DATA FOR THE TASK:
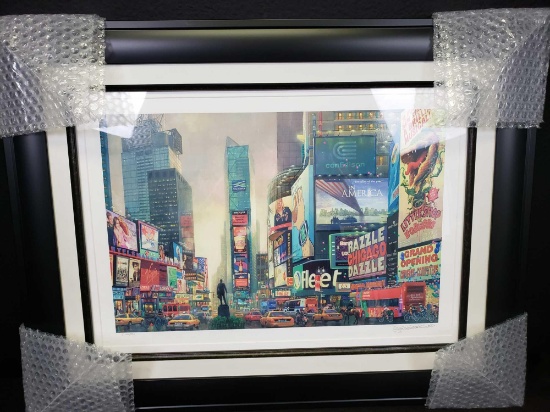 2014 Alexander Chen. Times Square South Seriolithograph color on paper. COA & Appraisal. Signed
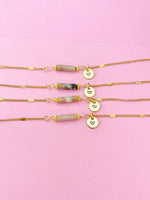 Plum Blossom Jade Bracelet, Natural Jade Gemstone Jewelry, Simple Gold Chain Bracelet or Bolo Bracelets, Personized Initial Bracelet, N5091
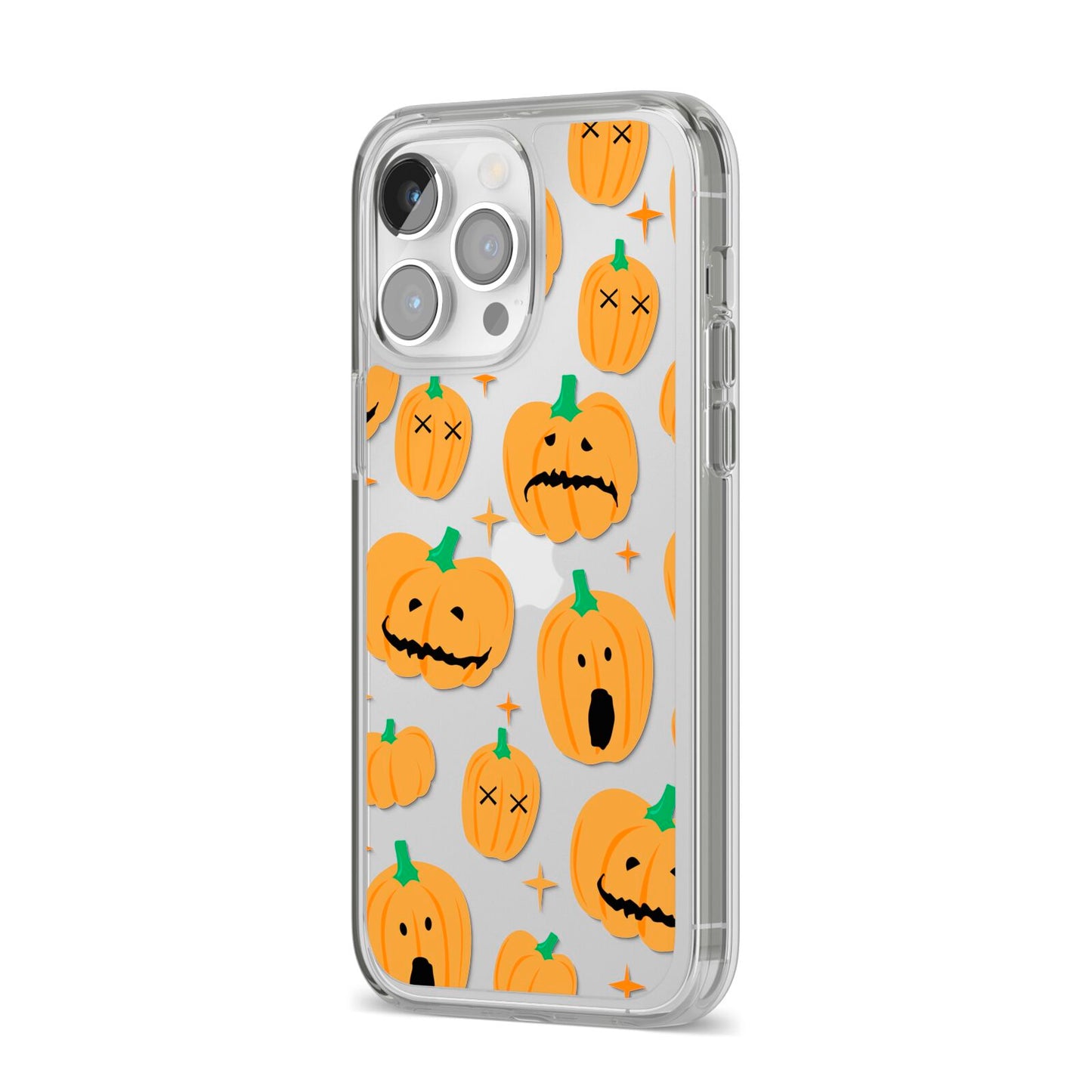 Jack O Lanterns with Transparent Background iPhone 14 Pro Max Clear Tough Case Silver Angled Image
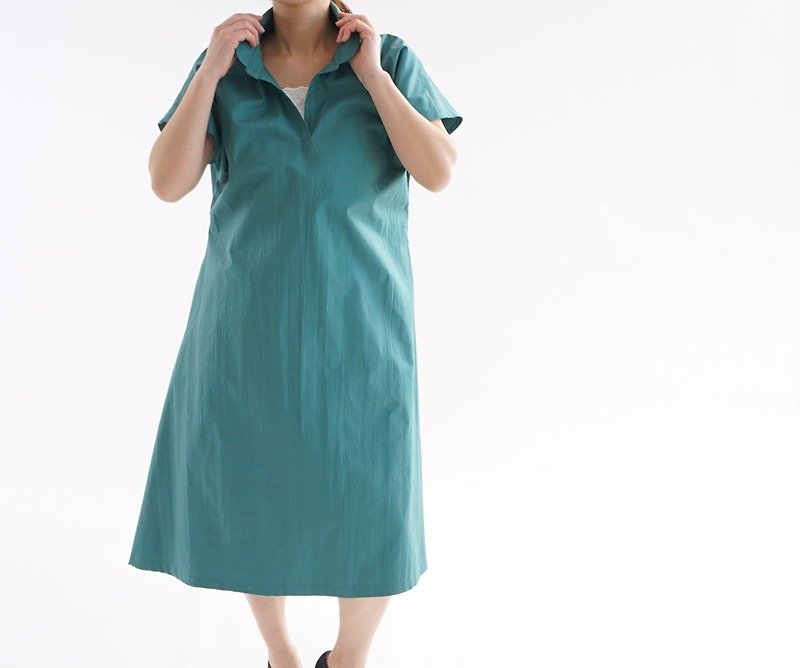 Wrinkle cotton shawl collar dress / forest green a20-16 - One Piece Dresses - Other Materials Green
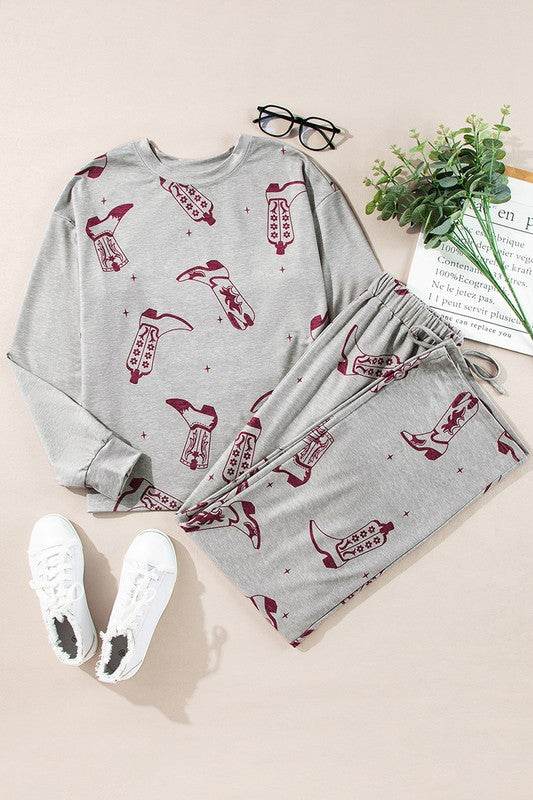 Women Printed Long Sleeve Top Pants Lounge Set - Shop Style & More | Fresh Looks, Everyday Deals & Free Shipping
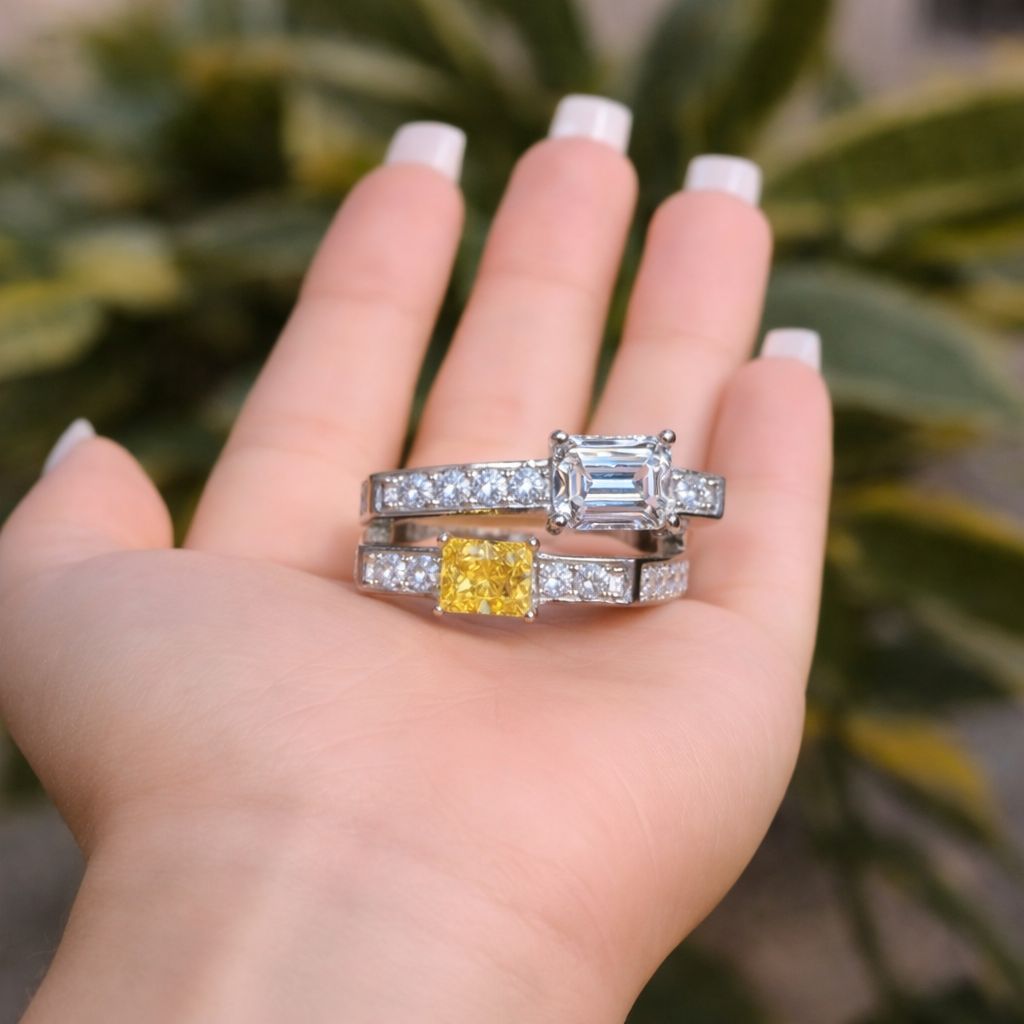 Premium 2 Line Hydro Yellow Sapphire Daisy Ring on Pure 925 Silver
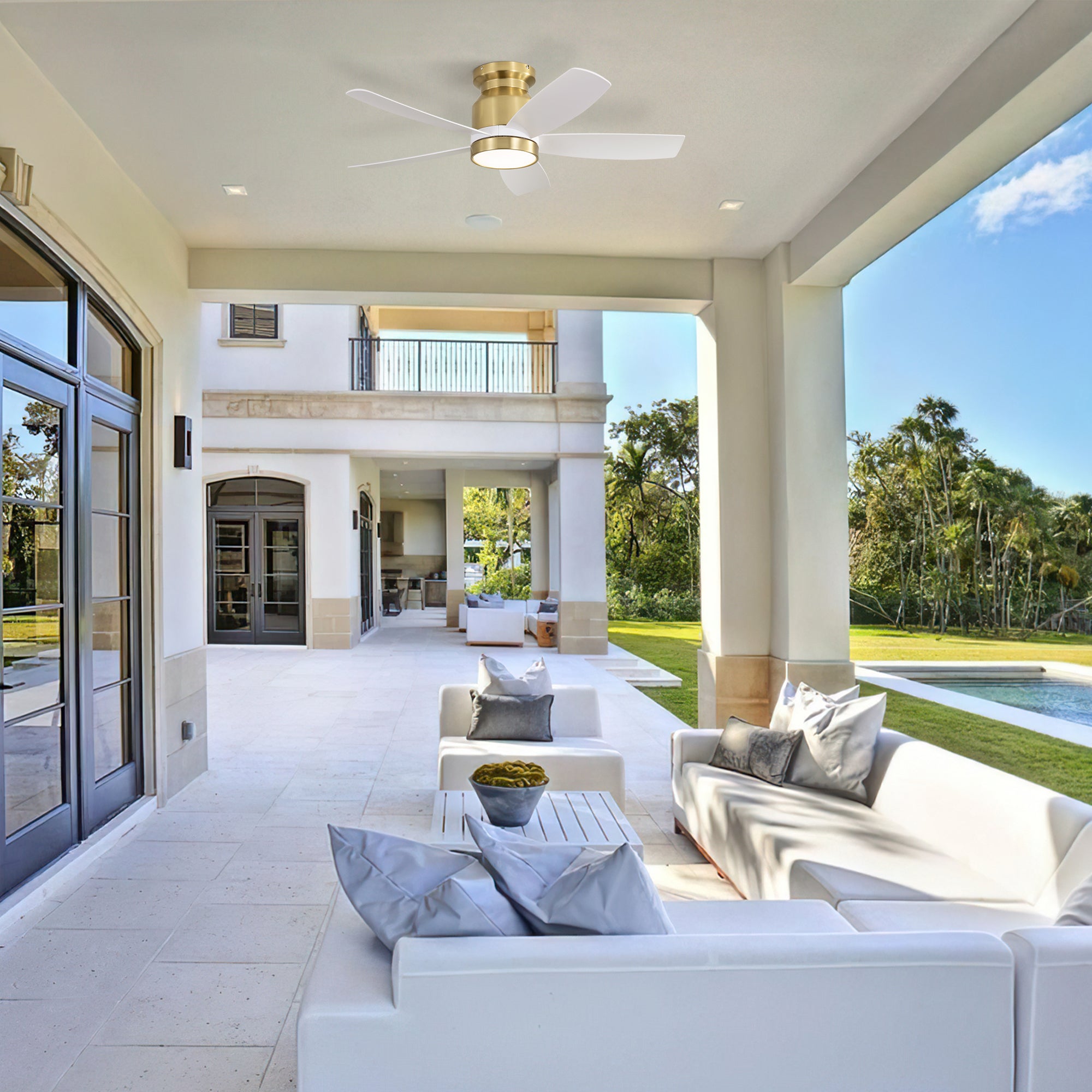 42 Inch Flush Mount Ceiling Fans with LED Light 22W and Remote Control 5 ABS Fan Blades for Indoor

EXERCISE: Print out every record above exactly as given. Do not include the pictures.

SOLVED PROBLEM:
 2014 Alexander Chen. Times Square South Seriolithograph color on paper. COA & Appraisal. Signed
 Plum Blossom Jade Bracelet, Natural Jade Gemstone Jewelry, Simple Gold Chain Bracelet or Bolo Bracelets, Personized Initial Bracelet, N5091
 Jack O Lanterns with Transparent Background iPhone 14 Pro Max Clear Tough Case Silver Angled Image
 Wrinkle cotton shawl collar dress / forest green a20-16 - One Piece Dresses - Other Materials Green
 Women Printed Long Sleeve Top Pants Lounge Set - Shop Style & More | Fresh Looks, Everyday Deals & Free Shipping
 Premium 2 Line Hydro Yellow Sapphire Daisy Ring on Pure 925 Silver
 42 Inch Flush Mount Ceiling Fans with LED Light 22W and Remote Control 5 ABS Fan Blades for Indoor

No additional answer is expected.